From the records below, set down exactly the lines starting with the line that contains "vpskalari's tweet photo." and going on through the line that contains "Дієтичний сухий корм". Nothing else is wanted.
** Dataset excerpts follows **
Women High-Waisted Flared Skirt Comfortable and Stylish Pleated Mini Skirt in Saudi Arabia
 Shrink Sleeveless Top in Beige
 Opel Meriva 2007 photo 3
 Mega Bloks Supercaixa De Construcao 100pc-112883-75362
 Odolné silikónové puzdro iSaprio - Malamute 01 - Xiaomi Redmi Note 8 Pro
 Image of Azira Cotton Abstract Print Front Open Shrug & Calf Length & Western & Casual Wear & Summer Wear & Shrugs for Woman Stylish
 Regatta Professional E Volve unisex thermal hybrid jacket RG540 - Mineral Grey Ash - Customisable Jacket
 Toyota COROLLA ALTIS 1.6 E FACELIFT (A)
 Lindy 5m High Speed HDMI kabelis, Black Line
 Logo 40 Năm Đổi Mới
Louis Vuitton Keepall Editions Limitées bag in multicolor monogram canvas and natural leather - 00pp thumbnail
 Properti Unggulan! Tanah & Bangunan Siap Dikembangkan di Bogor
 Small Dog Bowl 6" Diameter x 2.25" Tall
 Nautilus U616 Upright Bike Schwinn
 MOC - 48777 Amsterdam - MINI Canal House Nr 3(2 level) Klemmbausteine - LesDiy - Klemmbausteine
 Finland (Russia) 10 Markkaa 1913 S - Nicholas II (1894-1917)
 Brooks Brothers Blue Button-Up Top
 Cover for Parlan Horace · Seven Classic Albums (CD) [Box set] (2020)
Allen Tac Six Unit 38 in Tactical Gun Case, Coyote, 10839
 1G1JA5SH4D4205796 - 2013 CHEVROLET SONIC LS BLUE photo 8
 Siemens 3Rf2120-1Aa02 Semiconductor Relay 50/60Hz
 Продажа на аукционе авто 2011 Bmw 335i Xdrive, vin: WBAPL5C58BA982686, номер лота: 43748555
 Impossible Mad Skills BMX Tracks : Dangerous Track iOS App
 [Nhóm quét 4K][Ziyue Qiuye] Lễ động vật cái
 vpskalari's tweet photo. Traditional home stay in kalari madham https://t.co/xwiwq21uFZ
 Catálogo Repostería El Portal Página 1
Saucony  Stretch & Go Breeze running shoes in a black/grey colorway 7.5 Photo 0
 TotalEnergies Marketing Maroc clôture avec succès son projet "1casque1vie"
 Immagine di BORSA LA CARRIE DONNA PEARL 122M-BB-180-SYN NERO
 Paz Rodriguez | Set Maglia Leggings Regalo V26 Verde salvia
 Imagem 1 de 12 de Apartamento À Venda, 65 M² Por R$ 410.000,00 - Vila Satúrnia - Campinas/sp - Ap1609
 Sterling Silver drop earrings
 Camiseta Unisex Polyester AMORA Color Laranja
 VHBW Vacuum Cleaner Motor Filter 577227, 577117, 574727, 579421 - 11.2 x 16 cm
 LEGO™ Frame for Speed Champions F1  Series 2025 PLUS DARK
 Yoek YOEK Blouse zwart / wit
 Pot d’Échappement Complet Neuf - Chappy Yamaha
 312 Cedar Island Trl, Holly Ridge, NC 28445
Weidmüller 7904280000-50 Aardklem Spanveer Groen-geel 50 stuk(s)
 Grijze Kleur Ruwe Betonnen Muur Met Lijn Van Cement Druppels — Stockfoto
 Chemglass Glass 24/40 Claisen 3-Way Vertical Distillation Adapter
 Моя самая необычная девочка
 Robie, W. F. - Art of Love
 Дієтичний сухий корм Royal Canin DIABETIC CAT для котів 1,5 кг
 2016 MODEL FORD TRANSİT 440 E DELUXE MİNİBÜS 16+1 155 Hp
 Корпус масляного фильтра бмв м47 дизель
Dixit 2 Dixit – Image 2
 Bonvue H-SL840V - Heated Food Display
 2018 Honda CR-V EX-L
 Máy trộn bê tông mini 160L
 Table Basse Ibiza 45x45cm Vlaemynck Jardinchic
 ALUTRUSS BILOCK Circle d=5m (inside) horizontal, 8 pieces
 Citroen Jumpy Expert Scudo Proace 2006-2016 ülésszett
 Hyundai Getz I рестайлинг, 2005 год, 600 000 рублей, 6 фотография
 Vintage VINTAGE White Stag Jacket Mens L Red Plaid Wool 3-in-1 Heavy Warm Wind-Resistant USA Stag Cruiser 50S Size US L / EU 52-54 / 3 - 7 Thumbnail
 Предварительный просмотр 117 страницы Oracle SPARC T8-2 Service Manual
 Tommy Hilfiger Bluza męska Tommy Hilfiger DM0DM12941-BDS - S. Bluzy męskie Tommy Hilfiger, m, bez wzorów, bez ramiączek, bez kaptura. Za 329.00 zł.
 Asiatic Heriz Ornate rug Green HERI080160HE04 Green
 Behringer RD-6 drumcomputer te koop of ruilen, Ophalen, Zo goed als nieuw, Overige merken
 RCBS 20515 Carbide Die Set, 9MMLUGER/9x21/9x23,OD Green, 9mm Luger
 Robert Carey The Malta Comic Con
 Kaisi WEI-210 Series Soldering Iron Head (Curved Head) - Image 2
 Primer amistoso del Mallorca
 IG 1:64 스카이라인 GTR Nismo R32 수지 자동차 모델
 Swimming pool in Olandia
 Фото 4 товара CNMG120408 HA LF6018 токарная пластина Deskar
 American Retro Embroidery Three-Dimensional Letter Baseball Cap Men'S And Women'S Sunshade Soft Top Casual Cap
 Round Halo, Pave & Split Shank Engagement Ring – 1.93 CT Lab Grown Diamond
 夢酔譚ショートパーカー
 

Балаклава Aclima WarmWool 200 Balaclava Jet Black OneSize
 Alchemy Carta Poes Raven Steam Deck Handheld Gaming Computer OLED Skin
** End of Dataset excerpts **
Exercise solution =
 vpskalari's tweet photo. Traditional home stay in kalari madham https://t.co/xwiwq21uFZ
 Catálogo Repostería El Portal Página 1
Saucony  Stretch & Go Breeze running shoes in a black/grey colorway 7.5 Photo 0
 TotalEnergies Marketing Maroc clôture avec succès son projet "1casque1vie"
 Immagine di BORSA LA CARRIE DONNA PEARL 122M-BB-180-SYN NERO
 Paz Rodriguez | Set Maglia Leggings Regalo V26 Verde salvia
 Imagem 1 de 12 de Apartamento À Venda, 65 M² Por R$ 410.000,00 - Vila Satúrnia - Campinas/sp - Ap1609
 Sterling Silver drop earrings
 Camiseta Unisex Polyester AMORA Color Laranja
 VHBW Vacuum Cleaner Motor Filter 577227, 577117, 574727, 579421 - 11.2 x 16 cm
 LEGO™ Frame for Speed Champions F1  Series 2025 PLUS DARK
 Yoek YOEK Blouse zwart / wit
 Pot d’Échappement Complet Neuf - Chappy Yamaha
 312 Cedar Island Trl, Holly Ridge, NC 28445
Weidmüller 7904280000-50 Aardklem Spanveer Groen-geel 50 stuk(s)
 Grijze Kleur Ruwe Betonnen Muur Met Lijn Van Cement Druppels — Stockfoto
 Chemglass Glass 24/40 Claisen 3-Way Vertical Distillation Adapter
 Моя самая необычная девочка
 Robie, W. F. - Art of Love
 Дієтичний сухий корм Royal Canin DIABETIC CAT для котів 1,5 кг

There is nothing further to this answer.